A choking hazard many parents won’t consider is being flagged by a paramedic mum on TikTok.

Advanced life support paramedic and CEO of the Australian parenting organisation Tiny Hearts Education, Nikki Jurcutz, gets asked about choking by new parents more than anything else.

She explains that one dangerous hazard to look out for is leftover balloon rubber.

Nikki says: ‘I hosted a birthday party recently and I was cleaning up and found this part of a balloon… these are massive choking hazards and you need to be super careful around balloons.

‘As you can imagine trying to do back blows to get this up when it’s stuck would be near impossible. So be super vigilant.’ 

As a result, she has also shared some simple tips to get on top of choking.

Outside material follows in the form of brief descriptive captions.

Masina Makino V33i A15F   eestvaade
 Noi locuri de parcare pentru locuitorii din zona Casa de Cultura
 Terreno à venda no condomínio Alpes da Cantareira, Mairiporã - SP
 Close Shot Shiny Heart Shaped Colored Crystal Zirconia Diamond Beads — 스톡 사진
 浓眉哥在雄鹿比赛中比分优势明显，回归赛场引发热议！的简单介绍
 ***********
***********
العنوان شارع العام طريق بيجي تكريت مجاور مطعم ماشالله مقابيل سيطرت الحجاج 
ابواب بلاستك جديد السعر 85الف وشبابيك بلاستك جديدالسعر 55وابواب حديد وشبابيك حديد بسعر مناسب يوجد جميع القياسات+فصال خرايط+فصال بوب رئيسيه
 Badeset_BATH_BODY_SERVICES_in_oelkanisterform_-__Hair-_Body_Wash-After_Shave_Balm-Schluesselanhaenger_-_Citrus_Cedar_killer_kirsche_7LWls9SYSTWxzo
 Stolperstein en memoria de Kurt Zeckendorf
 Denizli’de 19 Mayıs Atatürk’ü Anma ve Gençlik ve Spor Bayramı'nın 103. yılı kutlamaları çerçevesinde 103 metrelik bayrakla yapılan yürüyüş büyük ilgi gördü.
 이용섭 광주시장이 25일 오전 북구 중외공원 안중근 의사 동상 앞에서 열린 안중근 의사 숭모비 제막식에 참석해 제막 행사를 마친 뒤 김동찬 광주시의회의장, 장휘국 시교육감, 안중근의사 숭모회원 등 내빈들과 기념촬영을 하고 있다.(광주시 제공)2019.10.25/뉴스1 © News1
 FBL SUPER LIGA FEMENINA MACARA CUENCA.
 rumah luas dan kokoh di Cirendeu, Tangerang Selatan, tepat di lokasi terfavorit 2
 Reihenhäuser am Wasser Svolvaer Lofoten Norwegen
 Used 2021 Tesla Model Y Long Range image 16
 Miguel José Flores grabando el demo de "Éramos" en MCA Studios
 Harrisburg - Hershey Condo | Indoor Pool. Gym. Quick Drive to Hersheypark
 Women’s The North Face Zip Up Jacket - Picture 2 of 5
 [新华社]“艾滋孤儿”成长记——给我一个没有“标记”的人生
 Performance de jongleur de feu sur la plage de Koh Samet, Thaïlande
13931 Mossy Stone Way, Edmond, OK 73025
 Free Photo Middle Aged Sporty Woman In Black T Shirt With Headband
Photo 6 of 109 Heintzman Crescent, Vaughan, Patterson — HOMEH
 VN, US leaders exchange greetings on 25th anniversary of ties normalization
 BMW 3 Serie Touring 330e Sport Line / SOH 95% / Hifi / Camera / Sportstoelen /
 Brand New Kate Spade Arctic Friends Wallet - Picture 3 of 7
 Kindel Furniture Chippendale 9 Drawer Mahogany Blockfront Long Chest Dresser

Please check your house for these after a party. Leftover baloon bits are MASSIVE choking hazards and can easily be missed. #balloons #chokinghazard #choking #parentingtips #childsafety #toddlertips

Other items to be mindful of to avoid choking:

As well as balloons, other small items children can choke on include:

  • Toys with small parts and doll accessories
  • Coins
  • Safety pins
  • Paperclips
  • Push pins
  • Marbles and small balls
  • Nails, bolts, and screws
  • Erasers
  • Batteries
  • Broken crayons
  • Jewellery
  • Small magnets
  • Small caps for bottles, including chocolate syrup, pancake syrup, and soda (kids may try to lick the sweet drops out of the caps, which can get stuck in the airway).

The ‘squish test’

This helps with figuring out which finger food is safe.

Simply ‘pinch the food between your pointer fingers and thumb’.

‘This mimics the pressure of a toothless little one’s gums,’ Nikki says.

‘If the food squishes easily, it means it’s safe and bub will be able to chew. 

‘If it doesn’t squish easily, you should cook, grate or mash it, so that it becomes soft enough to pass the test.’

The ‘choke check hack’

Make a hole with your index finger and thumb then try to drop items through it.

You can try with things like a cherry, popcorn, a grape, and small toys. 

‘This is how I check to see if food or small items may potentially be a choking hazard for my bubs,’ Nikki explains.

‘The circle is approximately the size of a child’s airway aged 0-3. If anything can fit in this hole, then it’s a choking hazard.’

The ‘consistency test’

Nikki says there are three food types to be wary of: round, slippery and firm items. 

When something fits in these categories, you can grate or cut the food into quarters.

‘Think grapes, cherry tomatoes, blueberries, nuts, raw carrot, apple, popcorn, chewing gum, coins, marbles and batteries,’ she says.

‘The greater the roundness, firmness or slipperiness of an object, the greater the choking risk.’ 

For example, you might cut grapes into quarters and roll slippery foods like avocado in fine breadcrumbs.  

Also, always make sure your child is seated safely and securely in a highchair within arm’s reach at all times while eating.